Abstract: The Influence of Cash Transfer Program on Institutional Delivery in Nepal (Society for Social Work and Research 21st Annual Conference - Ensure Healthy Development for all Youth)

The Influence of Cash Transfer Program on Institutional Delivery in Nepal

Schedule:
Saturday, January 14, 2017: 9:45 AM
Preservation Hall Studio 10 (New Orleans Marriott)
* noted as presenting author
Shanta Pandey, PhD, Professor, Boston College, St. Louis, MO
Background and Purpose: Each year 130 million children are born worldwide of which approximately four million experience neonatal deaths or deaths within the first four weeks of life. Over 80% of neonatal deaths are associated with three causes: pre-term births, infections and asphyxia. These deaths could be avoided if births took place in an institutional setting where birth attendants are adequately informed to attend pregnant women and newborn babies with complications. In South Asia, however, women have traditionally given births at home and many continue to do so. Nearly 60% of women in Nepal and 52% in India continue to choose the home delivery option over an institutional delivery that lowers the risk of maternal and child mortality.

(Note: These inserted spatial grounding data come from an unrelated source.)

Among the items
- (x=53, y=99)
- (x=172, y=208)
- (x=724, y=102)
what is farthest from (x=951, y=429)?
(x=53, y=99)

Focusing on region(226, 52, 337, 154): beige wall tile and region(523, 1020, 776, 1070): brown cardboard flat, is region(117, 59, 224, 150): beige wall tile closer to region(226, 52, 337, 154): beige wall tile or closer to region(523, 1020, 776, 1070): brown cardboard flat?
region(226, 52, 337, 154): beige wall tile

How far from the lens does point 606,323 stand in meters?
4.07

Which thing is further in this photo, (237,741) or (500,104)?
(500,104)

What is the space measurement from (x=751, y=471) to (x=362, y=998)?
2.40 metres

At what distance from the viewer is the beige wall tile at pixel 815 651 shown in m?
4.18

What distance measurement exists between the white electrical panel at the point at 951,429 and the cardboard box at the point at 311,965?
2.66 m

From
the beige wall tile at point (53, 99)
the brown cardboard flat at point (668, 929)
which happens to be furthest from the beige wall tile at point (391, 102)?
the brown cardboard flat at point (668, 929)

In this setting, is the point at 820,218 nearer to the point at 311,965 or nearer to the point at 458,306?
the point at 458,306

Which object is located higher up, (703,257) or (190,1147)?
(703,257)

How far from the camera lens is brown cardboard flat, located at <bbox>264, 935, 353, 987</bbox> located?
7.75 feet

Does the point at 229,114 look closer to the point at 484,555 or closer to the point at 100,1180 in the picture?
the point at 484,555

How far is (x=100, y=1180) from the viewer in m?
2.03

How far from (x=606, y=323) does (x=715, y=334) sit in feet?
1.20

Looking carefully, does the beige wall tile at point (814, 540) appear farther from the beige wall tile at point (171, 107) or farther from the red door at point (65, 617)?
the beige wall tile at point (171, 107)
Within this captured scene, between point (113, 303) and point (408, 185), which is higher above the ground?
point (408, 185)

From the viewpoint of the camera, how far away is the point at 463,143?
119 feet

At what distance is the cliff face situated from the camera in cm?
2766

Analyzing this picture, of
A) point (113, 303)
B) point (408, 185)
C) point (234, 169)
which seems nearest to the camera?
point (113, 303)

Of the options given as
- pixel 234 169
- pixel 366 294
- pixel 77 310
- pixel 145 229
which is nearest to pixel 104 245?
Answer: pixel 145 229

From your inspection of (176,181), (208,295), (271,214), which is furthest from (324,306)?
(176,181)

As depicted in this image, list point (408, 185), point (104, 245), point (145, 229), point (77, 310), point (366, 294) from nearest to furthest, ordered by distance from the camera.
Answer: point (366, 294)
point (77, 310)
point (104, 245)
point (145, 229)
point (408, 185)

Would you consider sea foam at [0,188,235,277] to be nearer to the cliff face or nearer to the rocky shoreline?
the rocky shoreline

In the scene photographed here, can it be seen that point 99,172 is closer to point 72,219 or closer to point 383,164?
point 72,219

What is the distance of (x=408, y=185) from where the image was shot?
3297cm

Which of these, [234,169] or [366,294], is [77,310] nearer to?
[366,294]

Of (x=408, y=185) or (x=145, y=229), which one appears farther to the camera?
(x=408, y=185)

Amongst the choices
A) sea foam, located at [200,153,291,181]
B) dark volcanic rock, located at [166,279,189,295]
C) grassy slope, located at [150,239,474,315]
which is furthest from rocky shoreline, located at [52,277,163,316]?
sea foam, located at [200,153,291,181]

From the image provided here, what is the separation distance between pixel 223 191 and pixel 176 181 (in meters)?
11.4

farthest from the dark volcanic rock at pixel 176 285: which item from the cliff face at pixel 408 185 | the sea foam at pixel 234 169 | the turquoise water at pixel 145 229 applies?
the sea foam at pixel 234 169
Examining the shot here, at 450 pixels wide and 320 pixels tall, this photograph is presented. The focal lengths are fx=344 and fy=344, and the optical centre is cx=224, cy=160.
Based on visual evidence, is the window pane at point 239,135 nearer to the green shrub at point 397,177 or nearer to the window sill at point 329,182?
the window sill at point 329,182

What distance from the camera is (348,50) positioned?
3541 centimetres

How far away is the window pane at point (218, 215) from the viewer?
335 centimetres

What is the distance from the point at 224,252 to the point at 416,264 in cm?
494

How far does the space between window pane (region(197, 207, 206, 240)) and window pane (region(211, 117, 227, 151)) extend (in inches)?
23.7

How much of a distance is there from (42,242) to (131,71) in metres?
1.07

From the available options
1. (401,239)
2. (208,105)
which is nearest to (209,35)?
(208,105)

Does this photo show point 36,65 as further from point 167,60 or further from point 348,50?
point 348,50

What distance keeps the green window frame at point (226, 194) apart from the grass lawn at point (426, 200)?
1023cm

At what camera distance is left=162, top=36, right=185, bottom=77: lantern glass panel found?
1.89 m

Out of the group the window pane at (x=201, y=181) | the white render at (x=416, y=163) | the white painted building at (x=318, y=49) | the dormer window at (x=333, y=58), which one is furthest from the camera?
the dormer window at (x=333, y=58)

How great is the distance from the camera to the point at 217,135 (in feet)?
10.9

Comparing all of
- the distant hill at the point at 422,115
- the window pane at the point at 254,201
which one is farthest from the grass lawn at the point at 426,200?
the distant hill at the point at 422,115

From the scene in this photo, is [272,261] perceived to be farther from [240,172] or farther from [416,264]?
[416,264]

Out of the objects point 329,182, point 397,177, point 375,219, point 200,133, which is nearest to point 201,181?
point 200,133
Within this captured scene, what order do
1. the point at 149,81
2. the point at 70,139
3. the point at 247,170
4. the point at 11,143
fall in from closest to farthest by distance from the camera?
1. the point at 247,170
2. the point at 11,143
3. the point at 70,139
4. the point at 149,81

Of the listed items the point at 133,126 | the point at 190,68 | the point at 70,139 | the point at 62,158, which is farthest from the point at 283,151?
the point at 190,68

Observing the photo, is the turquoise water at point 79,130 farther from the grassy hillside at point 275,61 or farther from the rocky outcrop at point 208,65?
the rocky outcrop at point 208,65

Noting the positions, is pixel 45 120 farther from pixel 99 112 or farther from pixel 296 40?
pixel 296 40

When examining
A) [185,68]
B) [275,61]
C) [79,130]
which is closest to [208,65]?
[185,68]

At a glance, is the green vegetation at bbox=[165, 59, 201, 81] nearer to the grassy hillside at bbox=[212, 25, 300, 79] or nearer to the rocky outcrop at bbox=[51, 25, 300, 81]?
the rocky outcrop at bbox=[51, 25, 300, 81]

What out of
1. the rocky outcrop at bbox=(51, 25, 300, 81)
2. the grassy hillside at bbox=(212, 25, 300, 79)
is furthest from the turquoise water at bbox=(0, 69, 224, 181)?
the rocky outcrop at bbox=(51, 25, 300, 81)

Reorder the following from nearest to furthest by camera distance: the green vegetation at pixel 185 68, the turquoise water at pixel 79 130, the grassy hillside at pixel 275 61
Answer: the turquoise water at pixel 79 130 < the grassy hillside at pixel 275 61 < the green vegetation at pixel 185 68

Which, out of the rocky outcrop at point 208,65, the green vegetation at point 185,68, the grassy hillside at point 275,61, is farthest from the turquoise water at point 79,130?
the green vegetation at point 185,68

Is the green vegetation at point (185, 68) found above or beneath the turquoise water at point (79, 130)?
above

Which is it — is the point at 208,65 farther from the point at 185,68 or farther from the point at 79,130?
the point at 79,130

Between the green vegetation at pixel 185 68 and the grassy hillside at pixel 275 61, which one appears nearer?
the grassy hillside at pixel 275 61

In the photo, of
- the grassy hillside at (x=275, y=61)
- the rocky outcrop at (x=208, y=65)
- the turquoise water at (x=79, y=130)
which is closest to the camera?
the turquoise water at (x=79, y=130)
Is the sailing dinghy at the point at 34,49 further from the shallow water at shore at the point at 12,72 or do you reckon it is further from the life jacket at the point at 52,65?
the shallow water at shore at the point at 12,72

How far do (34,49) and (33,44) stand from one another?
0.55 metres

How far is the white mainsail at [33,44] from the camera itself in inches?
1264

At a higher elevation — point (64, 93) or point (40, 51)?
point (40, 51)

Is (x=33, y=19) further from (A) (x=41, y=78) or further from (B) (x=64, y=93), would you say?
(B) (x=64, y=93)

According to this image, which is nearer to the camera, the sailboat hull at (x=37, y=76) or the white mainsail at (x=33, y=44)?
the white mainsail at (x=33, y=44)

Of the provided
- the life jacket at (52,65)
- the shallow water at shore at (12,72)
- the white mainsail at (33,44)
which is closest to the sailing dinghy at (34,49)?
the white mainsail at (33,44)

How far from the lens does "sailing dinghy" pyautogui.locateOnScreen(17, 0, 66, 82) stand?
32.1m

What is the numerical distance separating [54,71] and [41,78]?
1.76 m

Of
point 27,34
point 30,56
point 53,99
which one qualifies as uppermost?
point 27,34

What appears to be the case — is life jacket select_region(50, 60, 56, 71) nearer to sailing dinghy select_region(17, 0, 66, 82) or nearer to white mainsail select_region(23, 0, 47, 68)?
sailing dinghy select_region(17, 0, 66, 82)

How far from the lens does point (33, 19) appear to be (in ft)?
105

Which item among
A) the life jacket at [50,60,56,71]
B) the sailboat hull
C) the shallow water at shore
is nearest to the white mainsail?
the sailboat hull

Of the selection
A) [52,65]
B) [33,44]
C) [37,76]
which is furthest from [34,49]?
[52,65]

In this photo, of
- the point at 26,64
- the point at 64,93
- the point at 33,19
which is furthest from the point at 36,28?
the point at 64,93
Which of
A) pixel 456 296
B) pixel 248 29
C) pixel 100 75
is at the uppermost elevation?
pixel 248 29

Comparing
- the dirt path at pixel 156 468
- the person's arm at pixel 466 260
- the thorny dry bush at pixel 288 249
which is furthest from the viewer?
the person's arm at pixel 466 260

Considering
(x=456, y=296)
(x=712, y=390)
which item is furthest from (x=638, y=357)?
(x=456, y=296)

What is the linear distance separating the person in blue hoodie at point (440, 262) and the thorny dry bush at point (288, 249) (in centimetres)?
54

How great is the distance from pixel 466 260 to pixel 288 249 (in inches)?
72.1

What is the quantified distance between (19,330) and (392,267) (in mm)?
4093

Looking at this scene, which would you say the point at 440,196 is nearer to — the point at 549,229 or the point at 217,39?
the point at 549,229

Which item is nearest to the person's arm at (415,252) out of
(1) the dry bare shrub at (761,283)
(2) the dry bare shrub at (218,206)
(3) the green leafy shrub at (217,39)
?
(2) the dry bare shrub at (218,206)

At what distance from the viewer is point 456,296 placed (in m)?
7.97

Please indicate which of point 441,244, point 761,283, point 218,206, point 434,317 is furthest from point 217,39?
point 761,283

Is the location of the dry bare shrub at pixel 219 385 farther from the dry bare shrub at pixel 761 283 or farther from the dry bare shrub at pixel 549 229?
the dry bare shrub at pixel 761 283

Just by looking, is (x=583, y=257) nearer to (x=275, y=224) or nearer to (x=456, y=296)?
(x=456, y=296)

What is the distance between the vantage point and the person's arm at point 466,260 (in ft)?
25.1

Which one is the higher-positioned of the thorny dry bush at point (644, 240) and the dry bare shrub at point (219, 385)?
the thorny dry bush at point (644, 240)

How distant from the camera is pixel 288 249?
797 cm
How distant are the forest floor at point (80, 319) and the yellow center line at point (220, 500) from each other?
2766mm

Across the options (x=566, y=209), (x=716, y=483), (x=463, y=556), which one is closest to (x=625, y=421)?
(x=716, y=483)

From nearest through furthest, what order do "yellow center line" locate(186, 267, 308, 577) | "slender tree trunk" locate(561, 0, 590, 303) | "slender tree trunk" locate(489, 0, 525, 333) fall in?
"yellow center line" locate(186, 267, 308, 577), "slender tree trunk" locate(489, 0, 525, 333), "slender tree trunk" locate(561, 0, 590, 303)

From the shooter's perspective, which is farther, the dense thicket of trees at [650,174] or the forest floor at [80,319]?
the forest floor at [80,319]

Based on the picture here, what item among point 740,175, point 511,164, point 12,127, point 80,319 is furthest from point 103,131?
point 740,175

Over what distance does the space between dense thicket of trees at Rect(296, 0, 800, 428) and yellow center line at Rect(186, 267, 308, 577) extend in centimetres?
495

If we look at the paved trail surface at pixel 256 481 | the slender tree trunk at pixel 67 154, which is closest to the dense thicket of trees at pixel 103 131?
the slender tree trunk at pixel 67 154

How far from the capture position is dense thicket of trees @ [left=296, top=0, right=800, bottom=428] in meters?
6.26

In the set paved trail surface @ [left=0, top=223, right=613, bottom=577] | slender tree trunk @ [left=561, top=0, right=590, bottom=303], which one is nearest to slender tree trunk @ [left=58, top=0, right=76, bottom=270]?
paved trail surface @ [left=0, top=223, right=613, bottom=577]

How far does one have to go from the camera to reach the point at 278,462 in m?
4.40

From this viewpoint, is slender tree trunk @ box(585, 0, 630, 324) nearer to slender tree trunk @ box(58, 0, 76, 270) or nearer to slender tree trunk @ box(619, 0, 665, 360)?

Conditional Cash Transfer (CCT) programs, demand side programs, to improve health and education began in Latin America starting with Mexico’s national program, PROGRESSA in 1997. Evaluation of these CCT programs provides evidence of positive impact on the use of health services, nutritional status, health, and educational outcomes of children in these countries. As a result, more countries in Africa and Asia are inspired to adopt their own version of cash incentives. To increase demand for institutional delivery South Asian countries have introduced various forms of CCT schemes that offer women up to $30 in cash if they come to deliver at a health facility. In 2005, Nepal introduced its Safe Delivery Incentive Programme (SDIP)--a cash incentive program nationwide-- to boost the rate of institutional delivery and care from health professionals at childbirth. This study examined if Nepal’s SDIP increased institutional delivery.  

 Methods: We analyzed 2011 Nepal Demographic and Health Survey (NDHS) data, nationally representative data that interviewed 12,674 women between 15 and 49 years of age, of which 4,019 had given birth in the past five years. Using multiple logistic regression analysis, we predicted if the cash incentive program increased the odds of institutional delivery controlling for sociodemographic and geographic factors. 

 Results: Approximately 42% of the women had delivered their youngest child at an institution in 2011. Of the total sample that delivered at a health facility, 65% received cash incentive and the remaining 35% did not receive any cash incentive. The predicted odds of institutional delivery increased by two fold in districts where at least 15% of the new mothers had received cash assistance compared to the districts where less than 15% had received the cash assistance. Other factors that positively correlated with institutional delivery included women’s education, wealth, urban status, and their recommended number of antenatal visits.

Conclusion and Implications: The SDIP has increased institutional delivery in Nepal and this program is worth scaling. Social workers and health care professionals should focus on strengthening outreach programs to increase women’s awareness about the cash incentive program. Additionally, they should work to increase young girls’ access to high school education and pregnant women’s access and use of antenatal care.